Mumbai : The Securities and Exchange Board of India (SEBI) has concluded in an internal consultation that there is no bar on RRPR Holding Limited, the promoter arm of news broadcaster New Delhi Television Limited (NDTV), from allotting shares to the Adani Group. Said direct knowledge of the thinking of the regulator.
The first of the three persons mentioned above said, “An internal note has been put up by the Corporate Finance Department in consultation with the Legal Department in the regulator clarifying that there is no bar on RRPR Holding which can bar it from allotment of shares.” Is.”
SEBI’s stand, in anticipation of a possible reference of the matter to the regulator, is likely to ease its fight for the Gautam Adani-led group along with promoters Radhika Roy and Prannoy Roy to control NDTV.
In a surprise move on August 23, the infrastructure giant acquired a 29.18% stake in the broadcaster by indirectly buying out Vishwapradhan Commercial Private Limited (VCPL), which owned convertible debentures in RRPR. Adani Group also offered to buy 26% more from the open market as mandated by law.
NDTV pushed back against the acquisition, claiming that the transfer of shares required a prior regulatory approval as SEBI barred its founders from trading in shares for two years till November 26. However, the Adani Group dismissed the contention, countering the owners of NDTV that no such approval is required. VCPL had acquired the debentures in FY 2010 404 crore loan was given to the promoter holding company. As per the takeover notice, NDTV was required to allot shares to VCPL by August 25. There is no transfer of shares.
An email query sent to the regulator seeking comment was not answered till press time.
Another person said that the Adani group may approach the regulator to facilitate the share allotment. “If the shares are still not allotted, Adani may have to opt for arbitration to enforce the agreement,” the person said.
The loan agreement signed between RRPR and RRPR states, “Any dispute between the parties relating to or relating to the matters set out in this agreement shall be referred to binding arbitration under the Arbitration and Conciliation Act, 1996. The arbitration proceedings shall be held in Mumbai. Will be.” VCPL. A copy of the completed loan agreement has been reviewed by Mint. An email sent to an Adani Group spokesperson as well as a text to the CEO of NDTV, queries were not immediately answered.
SEBI’s internal note has been drafted by analyzing loan agreements, its orders, orders of the Securities Appellate Tribunal (SAT) and directions passed by the Supreme Court in a related case against NDTV and its promoters. Further, SEBI analyzed past instances where pledged shares were kept out of the purview of the SEBI ban, said the third person.

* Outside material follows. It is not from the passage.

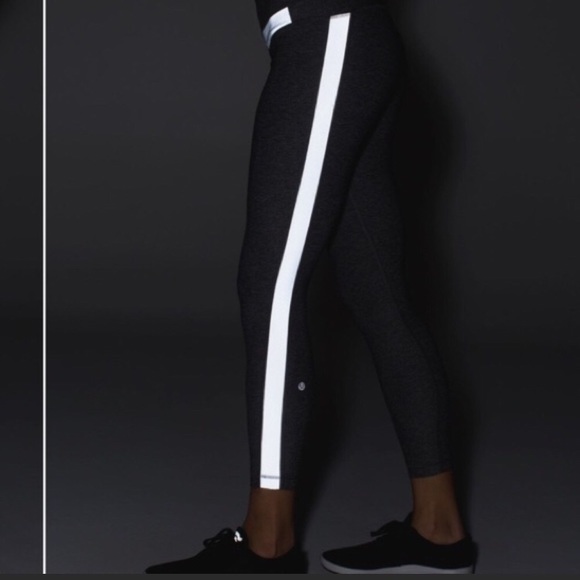 lululemon lightspeed tight size2 - Picture 4 of 9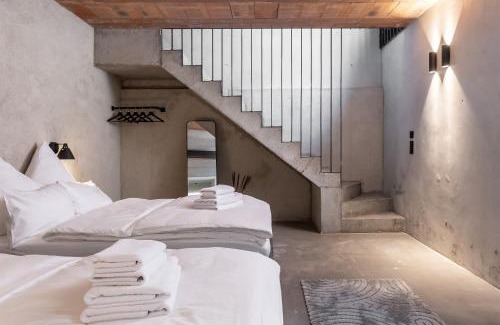 Weissensee Apartment | COOLEST Apartment in Berlin, easy Check-in, close to center, Black & White Maisonette #6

“Sebi’s internal note agrees with Adani’s view. Ban belongs to Royce and not RRPR, the holding company. There are instances of pledged shares not being part of the securities market restriction,” said the second of the two people cited above.
As per the loan agreement, the pledge is made before the SEBI ban. The loan agreement states, “The Borrower shall issue a convertible warrant, convertible into equity shares up to 99.99% of the fully diluted share capital of the Borrower at the time of conversion, to the Lender immediately after the execution of this Agreement.”
RRPR signed two loan agreements with VCPL. The agreement on 21 July 2009 entitles VCPL to acquire a 26% stake in lieu of a loan of Rs. 350 crores on the exercise of the warrant. A second agreement was signed in January 2010 with the same terms and conditions, under which VCPL was entitled to buy an additional 4% against a loan. 53.85 crore if warrant is exercised. Meanwhile, NDTV has extended its Annual General Meeting for the year by a week to September 27 without assigning any reason.
In the case of shares pledged by the promoters of Parsvnath Developers Limited in October 2016, the regulator issued no objection to the issue of pledge against the shares. These shares were stuck due to a regulatory ban against lender First Financial Services Ltd. In that case also, SEBI ruled that the restriction was not on the pledged shares. Further, Roy has filed an appeal against the SEBI order dated November 2020. On 15 February 2021, SAT passed an interim direction asking Roy to deposit half the money. A fine of 27 crores has been imposed on them. The matter went to the Supreme Court, which directed SAT to hear the appeals without insisting on any deposit. SAT will hear the appeal on September 27.